Postgres Paging
Limit
Users may wish to adjust the number of results they receive to adjust memory usage, processing time, etc.
Ideally this limit
value would have an upper bound, to avoid users requesting far too much data at once.
However, in the particular case of GraphQL, users may request varying amounts of properties on their data, making an upper limit difficult to calculate for a given query.
Paging
It will not always be feasible/desired to return all results at once. In this case, results should be returned one 'page' at a time, with cursors included to allow customers to easily request the next page.
Sample Table
Code in the following sections will be based off of the following table:
CREATE TABLE "orca"."test_table" (
"key0" int4 NULL,
"key1" int4 NULL,
"key2" int4 NULL
)
GO
ALTER TABLE "orca"."test_table"
ADD CONSTRAINT "test_uniqueness"
UNIQUE ("key0", "key1", "key2")
Adjust code as needed to match your table.
If you wish to do performance testing with the sample table, run the following code:
do $$
begin
for i in 1..100 loop
for j in 1..100 loop
for k in 1..100 loop
INSERT INTO orca.test_table(key0, key1, key2) VALUES(i, j, 'k);
end loop;
end loop;
end loop;
end; $$
Page Retrieval
The initial impulse for retrieving a page may be to SKIP
the number of entries from previous pages, utilizing LIMIT
and OFFSET
like the following:
SELECT
*
FROM
orca.test_table
ORDER BY
key0,
Key1,
key2
LIMIT 100
OFFSET 20000
However, this requires the query to process all of the entries that are not returned due to the OFFSET
, and is therefore non-performant on large datasets.

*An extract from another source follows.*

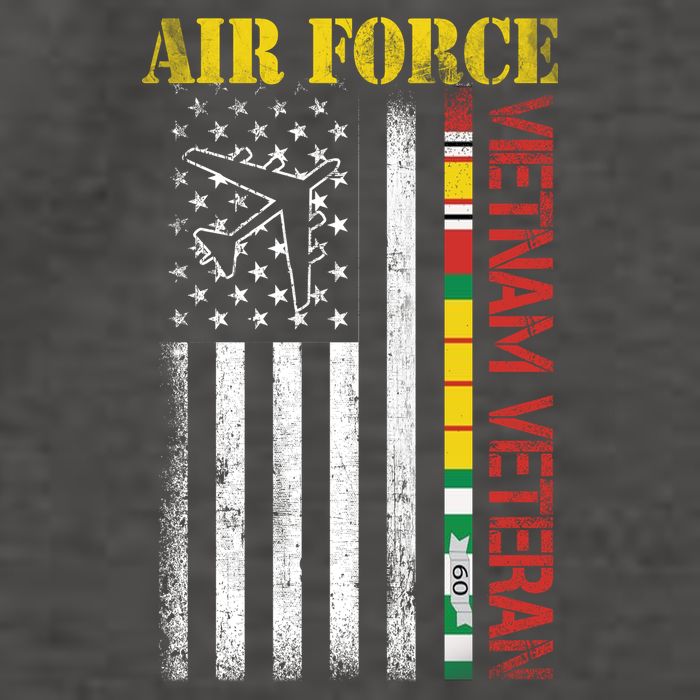 Proud Air Force Vietnam Veteran American Flag Gift Vector Backpack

A better option is to apply a WHERE
clause that picks up after the previous query.
When applied via indexed columns, this eliminates the need for the database to process elements that are outside of the requested page, drastically improving the performance of the query on large datasets.
In the examples below, assume that the row we will be paging from is key0: 50, key1: 98, key2: 60
Next Page (Default)
Retrieving the next page of limit
100 would look like:
SELECT
*
FROM
orca.test_table
WHERE
key0 >= 50
AND
(key0 > 50
OR
(key1 >= 98
AND
(key1 > 98
OR
(key2 > 60)
)
)
)
ORDER BY
key0 ASC,
key1 ASC,
key2 ASC
LIMIT 100
Which will return data in the format:
key0 key1 key2
------- ------- -------
50 98 61
50 98 62
50 98 63
... TRUNCATED ...
50 99 58
50 99 59
50 99 60
Note that the order of the keys in the WHERE
and ORDER BY
clauses must be identical in this example.

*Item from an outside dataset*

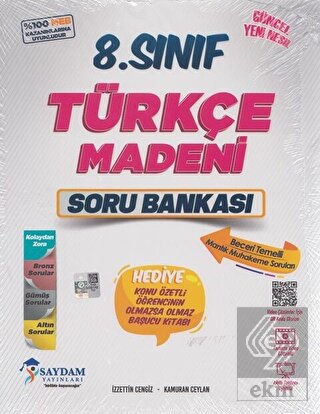 8. Sınıf Türkçe Madeni Soru Bankası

The filter should eliminate all of the previously retrieved rows.
Previous Page
In the event the user requests the previous page, modify the default query by flipping the signs and ORDER
, then reversing the ORDER
of results.
SELECT
*
FROM
orca.test_table
WHERE
key0 <= 50
AND
(key0 < 50
OR
(key1 <= 98
AND
(key1 < 98
OR
(key2 < 60)
)
)
)
ORDER BY
key0 DESC,
key1 DESC,
key2 DESC
LIMIT 100
Once the results are reversed, data will be in the format:
key0 key1 key2
------- ------- -------
50 97 60
50 97 62
50 97 63
... TRUNCATED ...
50 98 57
50 98 58
50 98 59
Cursors
decode_cursor
and encode_cursor
in the graphql project can be used to encode and decode arbitrary dictionaries for use in future queries.
In our example table, this would consist of key0
, key1
, and key2
to be able to enforce paging uniqueness.
These cursors point to individual elements.

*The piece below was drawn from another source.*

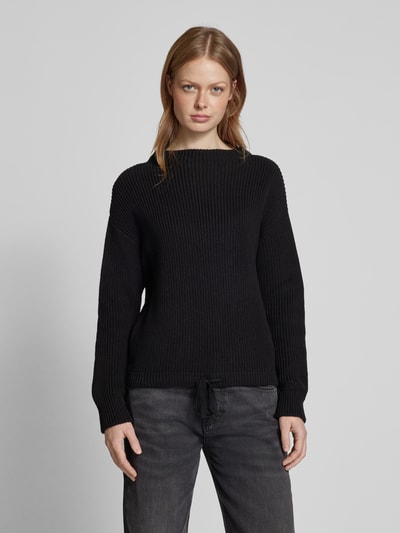 Jake*s Casual Oversized Strickpullover aus Viskose Black 4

At minimum, users should be given a start_cursor
and an end_cursor
for any page they retrieve.
The customer can then make a request with cursor: {their end_cursor}, direction: 'next', limit: 100
to get the page past the end_cursor,
or cursor: {their start_cursor}, direction: 'previous', limit: 100
to get the page before the start_cursor.
No Cursor
If no cursor is specified, behavior depends on direction
.
- If
direction
isnext
, get the first page of results using standard ordering. - If
direction
isprevious
, get the last page of results using inverted ordering. This allows users to retrieve either the first or last page of results, effectively allowing them to begin at the start or end of the record-set and page from there. This is particularly helpful in cases where the query is ordered by date, and users may want to look at events in chronological order, or may only want to look at the most recent events.